The Jandoli School of Communication received prestigious accreditation on April 26 from the Accrediting Council of Education in Journalism and Mass Communications (ACEJMC). Only 110 out of 500 mass communication programs in the county are accredited, and only 20 of the 110 are private universities in the U.S. The Jandoli School of Communication is now part of that selective list.
“This is an international organization that accredits college and university communication programs around the world,” said Dr. Pauline Hoffmann, associate professor of journalism and strategic communication. Hoffmann, the former dean of the Jandoli school, put a lot of effort into making the accreditation possible.
ACEJMC started in 1945 and is one of the only accrediting bodies for the field of journalism and mass communication. Although the accreditation is not required for a communication program, it is something that betters the program as a whole. Both the school’s undergraduate and graduate programs are accredited, which is something not every school can say.
“That puts us in an elite category,” said Hoffmann. “It essentially says that we meet international standards of excellence in communication education.”
Since receiving the accreditation, the school can now apply for fundraising and grants that only accredited schools can receive.
“One of the things that are important for us is fundraising and doing a major renovation to the Murphy Building,” said Aaron Chimbel, dean of the Jandoli School of Communication.
Students can also apply for scholarships and awards that they wouldn’t have been able to before the accreditation. One award they can now apply for is the Hearst Award.
“The Hearst Award, which is a huge student award competition for journalism, it is referred to as the Pulitzer Prize of college journalism,” explained Chimbel.
The school also has plans to continue growing its enrollment and recruiting more students into its programs.
The process to receive accreditation requires multiple steps and takes years to achieve. ACEJMC has nine requirements the program must meet, which include: mission, governance and administration; curriculum and instruction; diversity and inclusiveness; full-time and part-time faculty; scholarship: research, creative and professional activity; student services; resources, facilities and equipment; professional and public service; and assessment of learning outcome.
Along with meeting the nine requirements, applicants must follow several steps. The first part of which is initiating the accreditation process. The chief executive officer of the university must send a letter of invitation to the ACEJMC executive director. From there, the school conducts a self-study. A site team comes to schools and does a report of its own. The reports go to the accrediting committee who then recommends accreditation. They send it to the Accrediting Council, and the council decides if the school will be accredited. In the 2016-2017 academic year, the Jandoli school applied and got provisional status.
“They found the program noncompliant in two areas and recommended provisional status,” said Chimbel. “They were the two most common areas that programs struggled with, which are diversity and assessment.”
The school had two years to go up to full accreditation. This February was a revisit year, and the school focused on addressing the two areas of concern. This year, every requirement was met, and the ACEJMC approved the Jandoli School of Communication for full accreditation.

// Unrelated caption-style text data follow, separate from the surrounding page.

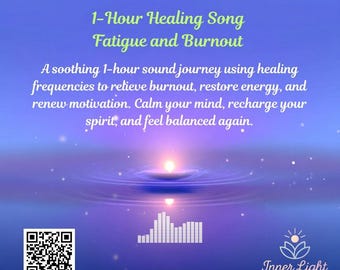 Puede incluir: Imagen de producto digital con texto: "1-Hour Healing Song Fatigue and Burnout". La imagen presenta un fondo sereno azul y morado con una fuente de luz central. Incluye un código QR, un gráfico de onda de sonido y el texto "Preview this track."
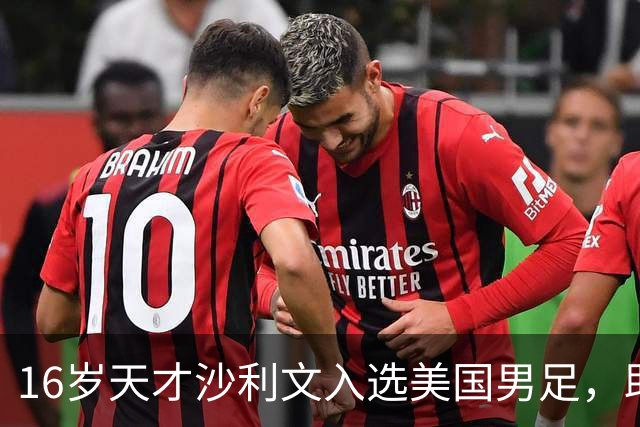 16岁天才沙利文入选美国男足，助力新一代足球之路
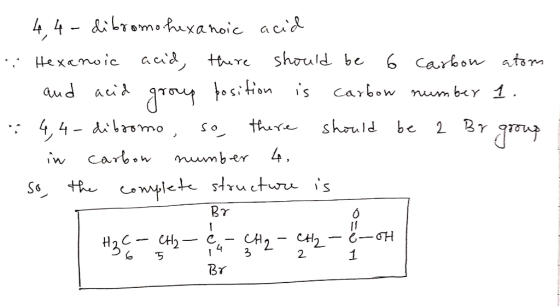 - - 4,4 - dibromo-hexanoic acid Hexanoic acid, there should be 6 carbon atom and acid group position is carbow number 1. 4,4-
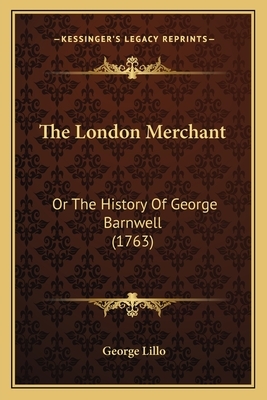 The London Merchant: Or The History Of George Barnwell (1763) by George Lillo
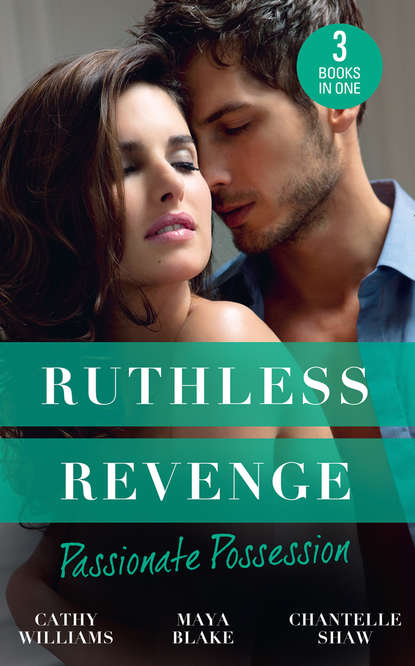 Ruthless Revenge: Passionate Possession: A Virgin for Vasquez / A Marriage Fit for a Sinner / Mistress of His Revenge - Кэтти Уильямс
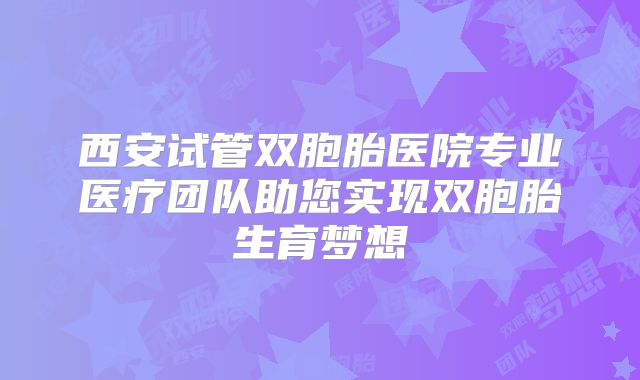 西安试管双胞胎医院专业医疗团队助您实现双胞胎生育梦想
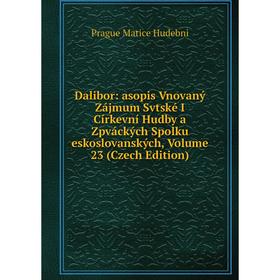 

Книга Dalibor: asopis Vnovaný Zájmum Svtské I Církevní Hudby a Zpváckých Spolku eskoslovanských. Volume 23 (Czech Edition). Prague Matice Hudebni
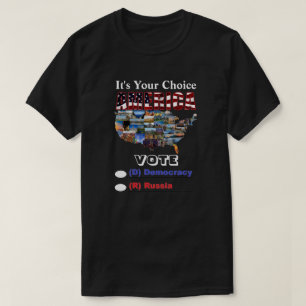Camiseta É a sua escolha AMERICA VOTE (D) Democracia ou...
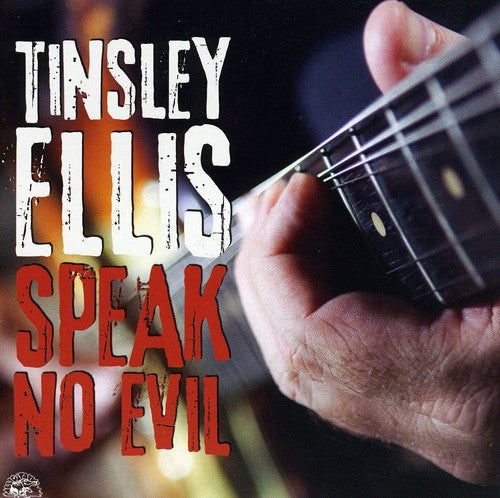 Tinsley Ellis: Speak No Evil - CD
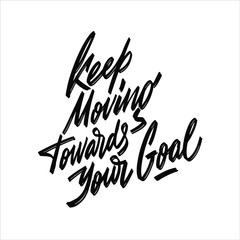 Keep moving toward your goal. Motivational quote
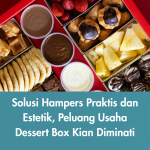 Solusi Hampers Praktis dan Estetik, Peluang Usaha Dessert Box Kian Diminati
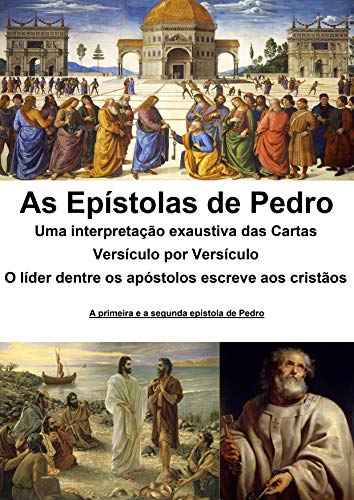 Livro PDF: As epístolas de Pedro: uma interpretação exaustiva das cartas: Versículo por Versículo – O líder dentre os apóstolos escreve aos cristãos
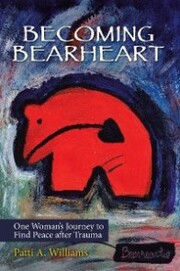 Becoming Bearheart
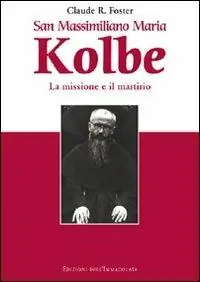 Offerta Speciale San Massimiliano Maria Kolbe. La missione e il martirio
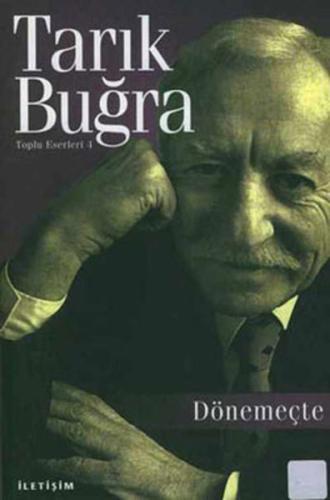 Dönemeçte Tarık Buğra
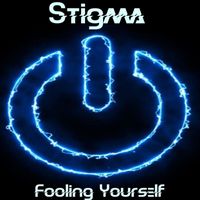 Stigma - Fooling Yourself (Explicit)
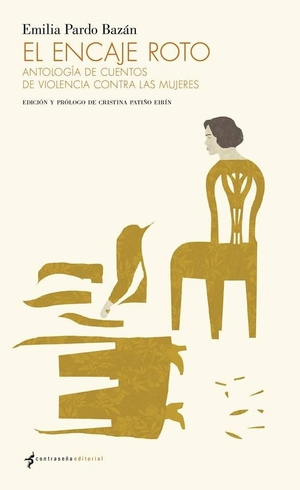 Pardo Bazán, Emilia. El encaje roto : antología de cuentos de violencia contra las mujeres. EDITORIAL CONTRASEÑA, S.C., 2018.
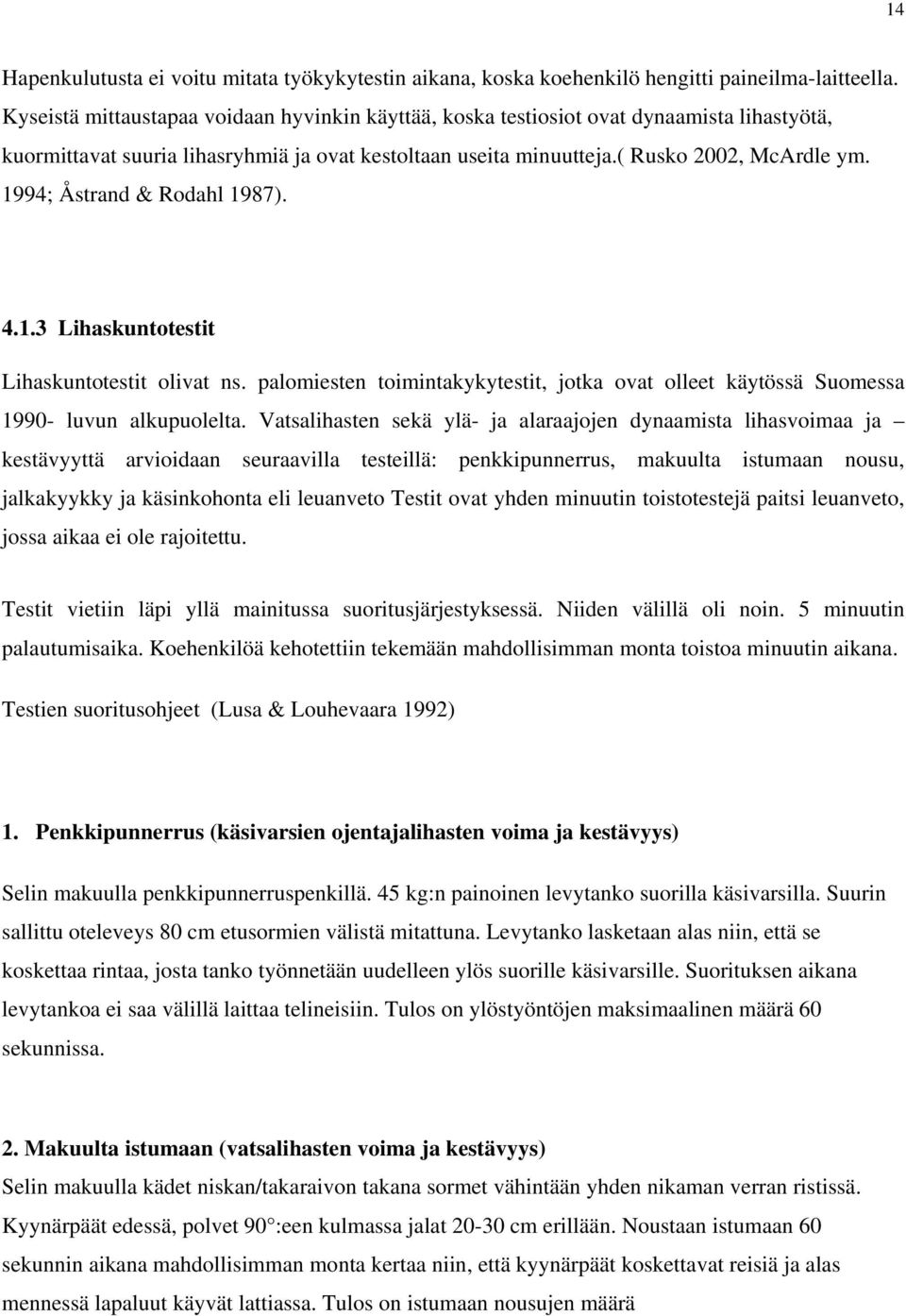 1994; Åstrand & Rodahl 1987). 4.1.3 Lihaskuntotestit Lihaskuntotestit olivat ns. palomiesten toimintakykytestit, jotka ovat olleet käytössä Suomessa 1990- luvun alkupuolelta.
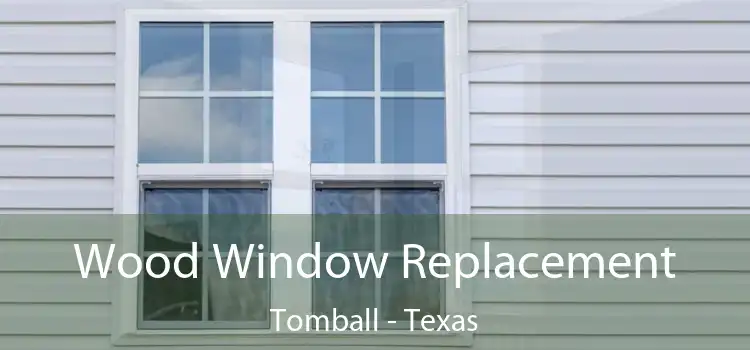 Wood Window Replacement Tomball - Texas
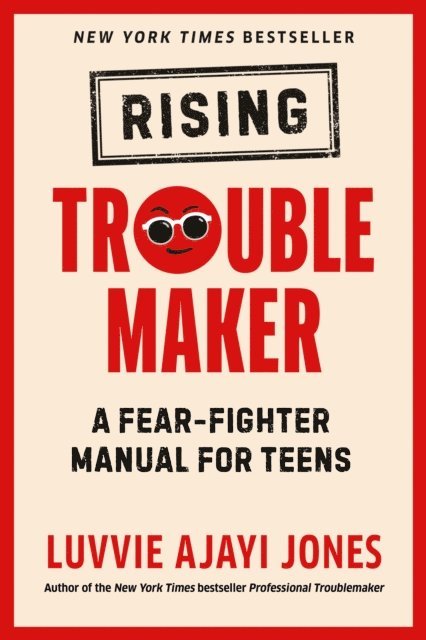 Luvvie Ajayi Jones - Rising Troublemaker, E-bok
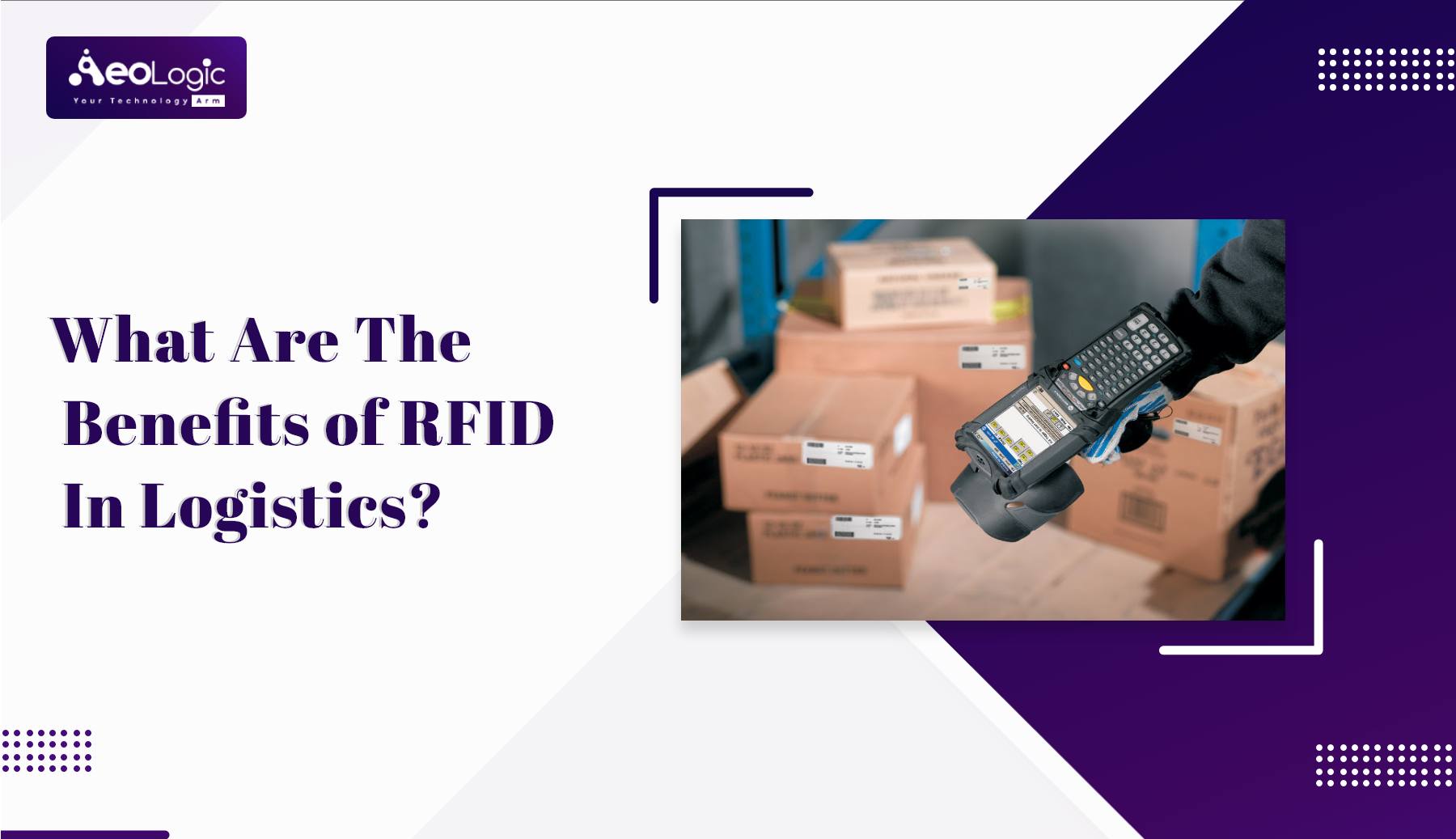 What Are the Benefits of RFID in Logistics? - AeoLogic Blog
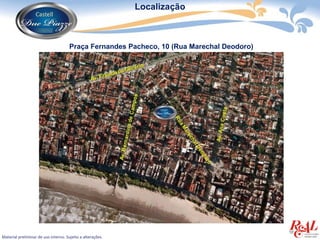 Localização



                                      Praça Fernandes Pacheco, 10 (Rua Marechal Deodoro)




Material preliminar de uso interno. Sujeito a alterações.
 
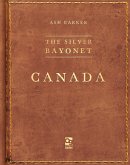 The Silver Bayonet: Canada (eBook, ePUB)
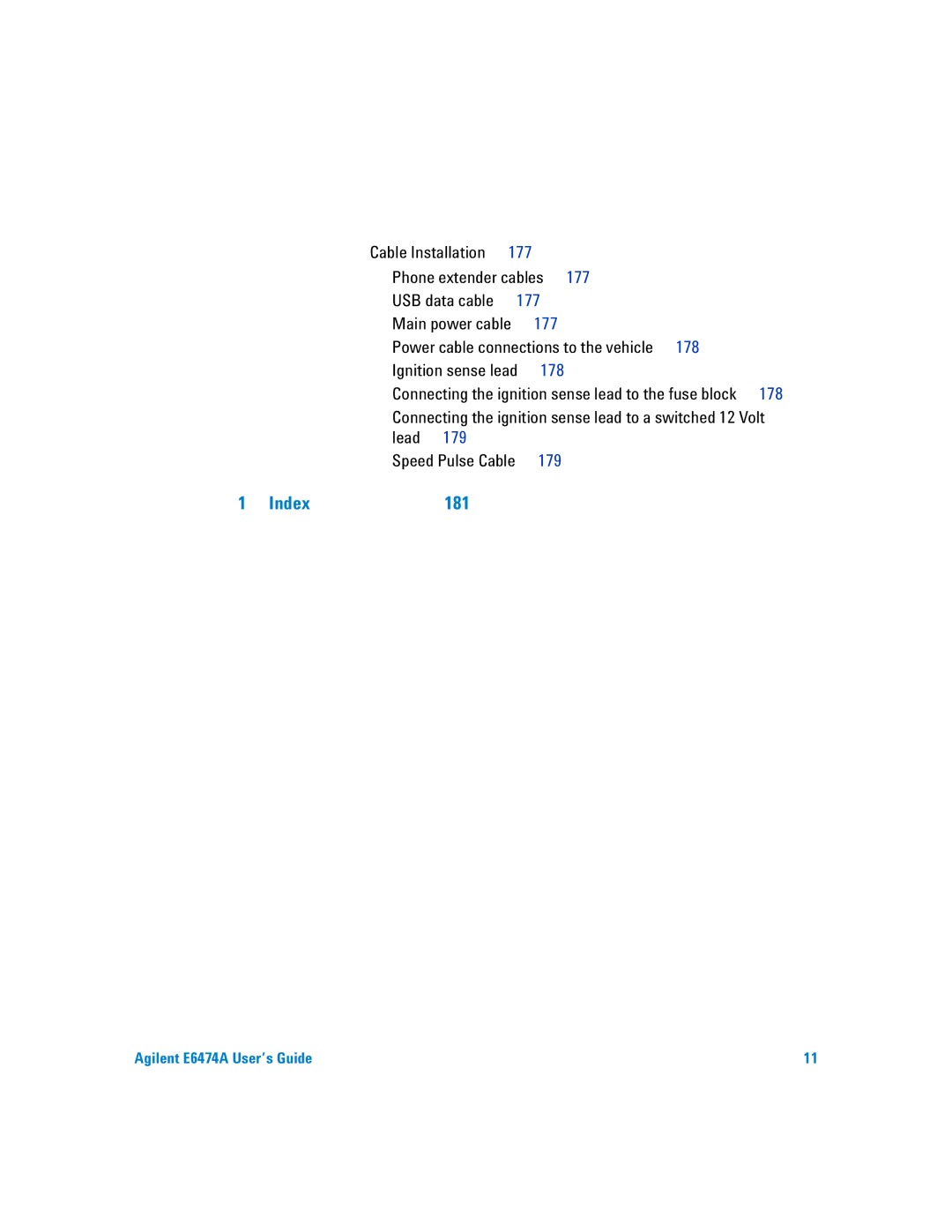 Agilent Technologies Agilent E6474A manual Index 181 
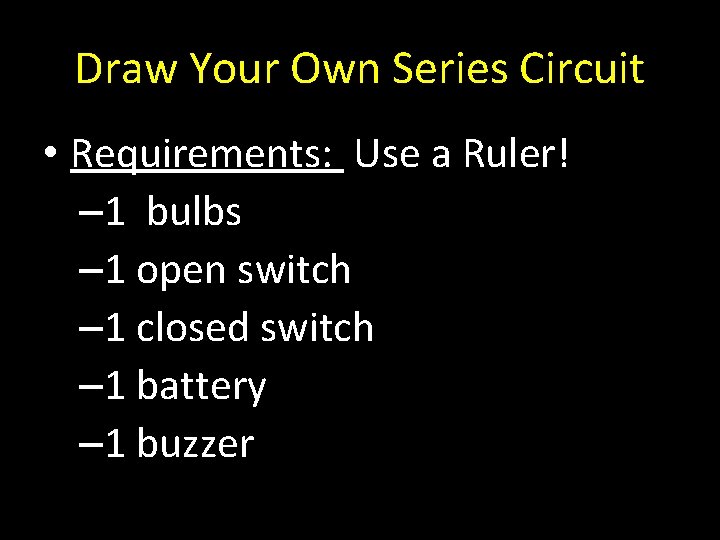 Draw Your Own Series Circuit • Requirements: Use a Ruler! – 1 bulbs –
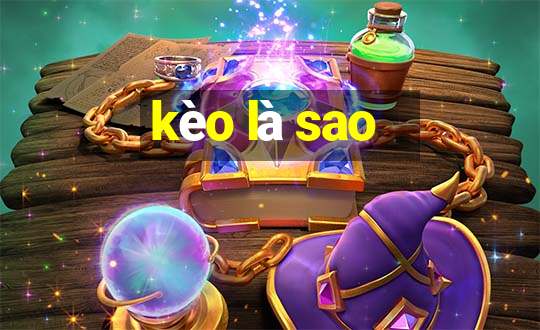 kèo là sao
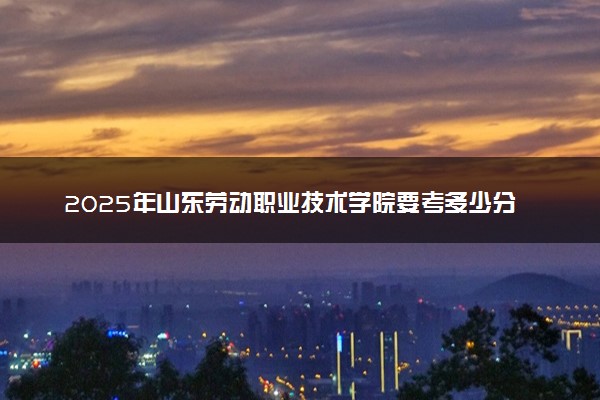 2025年山东劳动职业技术学院要考多少分才能上？历年录取分数线及报考指南（含预测）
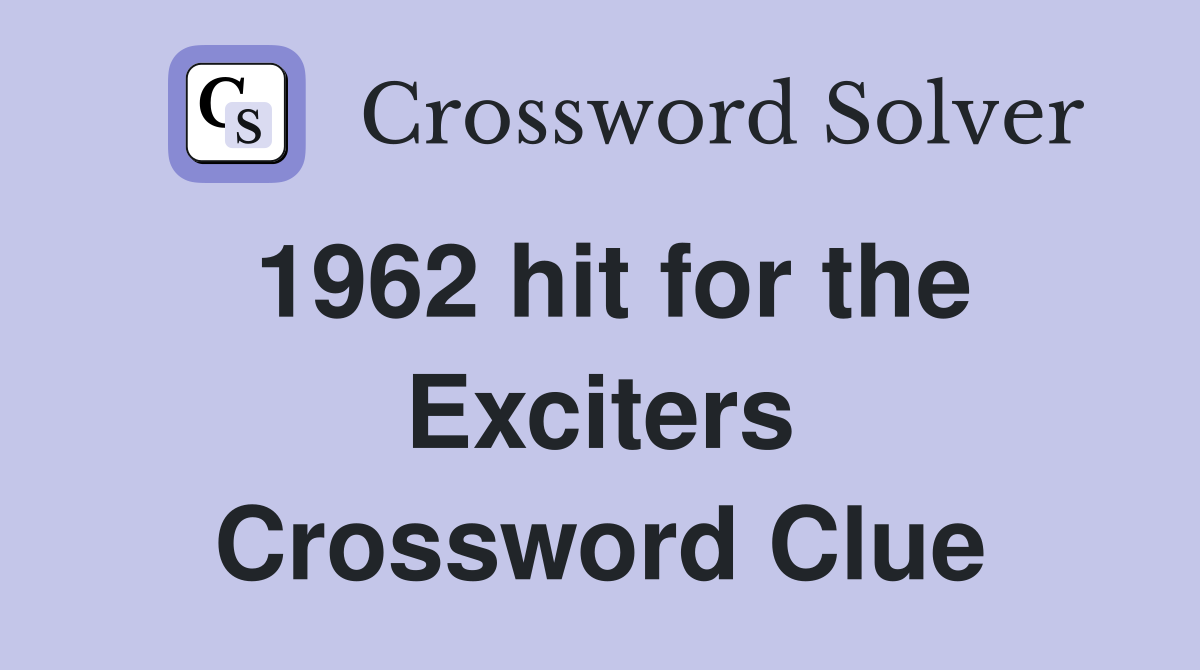 1962 hit for the Exciters Crossword Clue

“This has been an incredible process. I am also so proud of the Jandoli School and my incredible colleagues,” said Hoffmann.
The accreditation is a six-year cycle. After six years, schools renew accreditation. Since the provisional status was two of the six years, the Jandoli school will be revisited in the 2022-2023 academic school year.
“This is a really great validation of the program,” said Chimbel, “I think what this does for us is show everyone across the country and around the world what great of a program we have here that maybe they wouldn’t know about otherwise.”